Its going to be karaoke all night and the owner wants me to try to get some good shots to put up on the "star board"...
It will be fairly dark of course, with one of those light balls over top of the singers. 
I will be about 8 to 10 feet away...and eye level with them...
Any tips?


----------



## Big Mike (Feb 26, 2010)

You'll probably need to use flash.


----------



## mrpink (Feb 26, 2010)

and get free beer.

p!nK


----------



## jnm (Feb 26, 2010)

this may be more than you're expecting to do but probably some good pointers to take

Control of Color - Part 1 from Nikon


----------



## KmH (Feb 26, 2010)

Faster glass. At least f/1.8. 

With your 55-200, keep it at 55 mm so you can set the aperture to f/3.5 in A mode. Then crank up the ISO till you get a shutter speed of at least 1/100. A noisy image is better than a blurry subject because they moved during the exposure. Get all the shutter speed you can get and still have acceptable noise.
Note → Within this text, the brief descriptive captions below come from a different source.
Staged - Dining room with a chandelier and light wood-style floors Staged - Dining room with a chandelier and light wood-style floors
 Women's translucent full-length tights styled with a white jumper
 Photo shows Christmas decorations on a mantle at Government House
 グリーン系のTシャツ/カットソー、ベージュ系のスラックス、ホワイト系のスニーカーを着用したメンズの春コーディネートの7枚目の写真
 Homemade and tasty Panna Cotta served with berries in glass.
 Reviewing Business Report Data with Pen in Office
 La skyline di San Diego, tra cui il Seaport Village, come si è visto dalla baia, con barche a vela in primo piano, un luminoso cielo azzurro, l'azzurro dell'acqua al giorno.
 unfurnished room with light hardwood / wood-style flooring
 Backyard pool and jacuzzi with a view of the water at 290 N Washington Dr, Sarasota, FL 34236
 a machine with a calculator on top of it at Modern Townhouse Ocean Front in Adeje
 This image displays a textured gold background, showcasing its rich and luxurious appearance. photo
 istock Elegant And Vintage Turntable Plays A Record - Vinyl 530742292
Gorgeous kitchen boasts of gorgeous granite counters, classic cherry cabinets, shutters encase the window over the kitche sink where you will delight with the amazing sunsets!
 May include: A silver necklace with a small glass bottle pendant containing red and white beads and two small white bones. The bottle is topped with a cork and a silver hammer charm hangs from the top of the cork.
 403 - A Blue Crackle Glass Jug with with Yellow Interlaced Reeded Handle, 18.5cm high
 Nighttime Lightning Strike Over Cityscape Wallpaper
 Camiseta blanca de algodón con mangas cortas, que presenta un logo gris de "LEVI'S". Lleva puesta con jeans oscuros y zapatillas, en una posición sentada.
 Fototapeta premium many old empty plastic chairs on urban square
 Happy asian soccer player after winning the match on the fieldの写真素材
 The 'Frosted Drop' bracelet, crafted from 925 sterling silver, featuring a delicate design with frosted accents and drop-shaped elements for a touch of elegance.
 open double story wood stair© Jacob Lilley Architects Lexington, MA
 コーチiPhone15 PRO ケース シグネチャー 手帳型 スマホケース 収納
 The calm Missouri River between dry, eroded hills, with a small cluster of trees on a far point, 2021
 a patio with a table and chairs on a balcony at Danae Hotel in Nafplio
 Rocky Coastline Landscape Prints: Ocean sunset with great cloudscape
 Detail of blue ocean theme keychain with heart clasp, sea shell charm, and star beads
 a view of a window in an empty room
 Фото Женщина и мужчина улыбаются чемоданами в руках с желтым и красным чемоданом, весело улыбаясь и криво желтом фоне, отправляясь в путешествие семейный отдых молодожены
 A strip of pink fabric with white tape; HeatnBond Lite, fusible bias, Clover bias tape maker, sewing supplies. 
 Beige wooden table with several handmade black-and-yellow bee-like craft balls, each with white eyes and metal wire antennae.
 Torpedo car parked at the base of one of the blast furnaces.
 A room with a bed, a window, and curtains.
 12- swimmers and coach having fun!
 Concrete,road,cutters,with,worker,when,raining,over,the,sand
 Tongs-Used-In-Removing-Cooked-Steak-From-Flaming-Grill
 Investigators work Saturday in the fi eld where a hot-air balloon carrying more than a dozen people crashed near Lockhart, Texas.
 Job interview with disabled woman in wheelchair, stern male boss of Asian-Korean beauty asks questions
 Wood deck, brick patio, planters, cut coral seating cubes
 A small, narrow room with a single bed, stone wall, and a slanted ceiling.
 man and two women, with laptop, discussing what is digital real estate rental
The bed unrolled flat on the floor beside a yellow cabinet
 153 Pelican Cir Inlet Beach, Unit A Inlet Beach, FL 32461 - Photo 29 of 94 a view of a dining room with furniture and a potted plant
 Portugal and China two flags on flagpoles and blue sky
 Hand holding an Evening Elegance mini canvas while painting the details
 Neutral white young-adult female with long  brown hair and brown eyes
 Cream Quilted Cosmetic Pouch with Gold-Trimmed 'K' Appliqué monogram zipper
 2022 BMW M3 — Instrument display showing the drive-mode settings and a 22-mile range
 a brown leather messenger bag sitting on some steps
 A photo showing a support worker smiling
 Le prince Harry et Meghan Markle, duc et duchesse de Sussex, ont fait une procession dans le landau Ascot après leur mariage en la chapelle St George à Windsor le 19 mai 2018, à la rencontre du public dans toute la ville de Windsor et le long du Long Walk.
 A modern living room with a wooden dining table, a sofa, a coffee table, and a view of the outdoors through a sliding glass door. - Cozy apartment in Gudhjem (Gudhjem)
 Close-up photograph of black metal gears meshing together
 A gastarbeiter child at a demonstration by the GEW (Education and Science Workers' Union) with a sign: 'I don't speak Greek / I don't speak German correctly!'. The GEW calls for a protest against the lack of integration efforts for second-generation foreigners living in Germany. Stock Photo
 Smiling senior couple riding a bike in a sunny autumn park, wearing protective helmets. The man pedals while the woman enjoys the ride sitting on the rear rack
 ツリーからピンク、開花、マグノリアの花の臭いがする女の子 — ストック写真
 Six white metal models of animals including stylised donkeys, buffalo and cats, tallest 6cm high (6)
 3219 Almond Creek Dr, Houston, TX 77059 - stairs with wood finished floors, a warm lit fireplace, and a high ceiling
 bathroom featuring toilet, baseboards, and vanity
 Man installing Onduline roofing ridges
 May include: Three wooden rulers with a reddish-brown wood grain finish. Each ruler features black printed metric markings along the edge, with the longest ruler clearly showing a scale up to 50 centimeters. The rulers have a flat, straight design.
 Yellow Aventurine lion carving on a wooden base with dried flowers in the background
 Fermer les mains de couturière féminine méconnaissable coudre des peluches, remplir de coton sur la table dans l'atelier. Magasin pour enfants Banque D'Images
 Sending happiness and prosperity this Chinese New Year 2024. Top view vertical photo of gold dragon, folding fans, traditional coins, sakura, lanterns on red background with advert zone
In low light the lens will have trouble auto focusing so plan on loosing a few shots because the shutter wouldn't release. Unless you use AF-C focus mode, because then the shutter can release even if focus hasn't been achieved.


----------



## Natural_Disaster (Feb 26, 2010)

Thanks!!!!


----------



## ghache (Feb 26, 2010)

bar picture with hot girls in it is always a good picture! keep that in mind

OH and dont forget the fast lens!


----------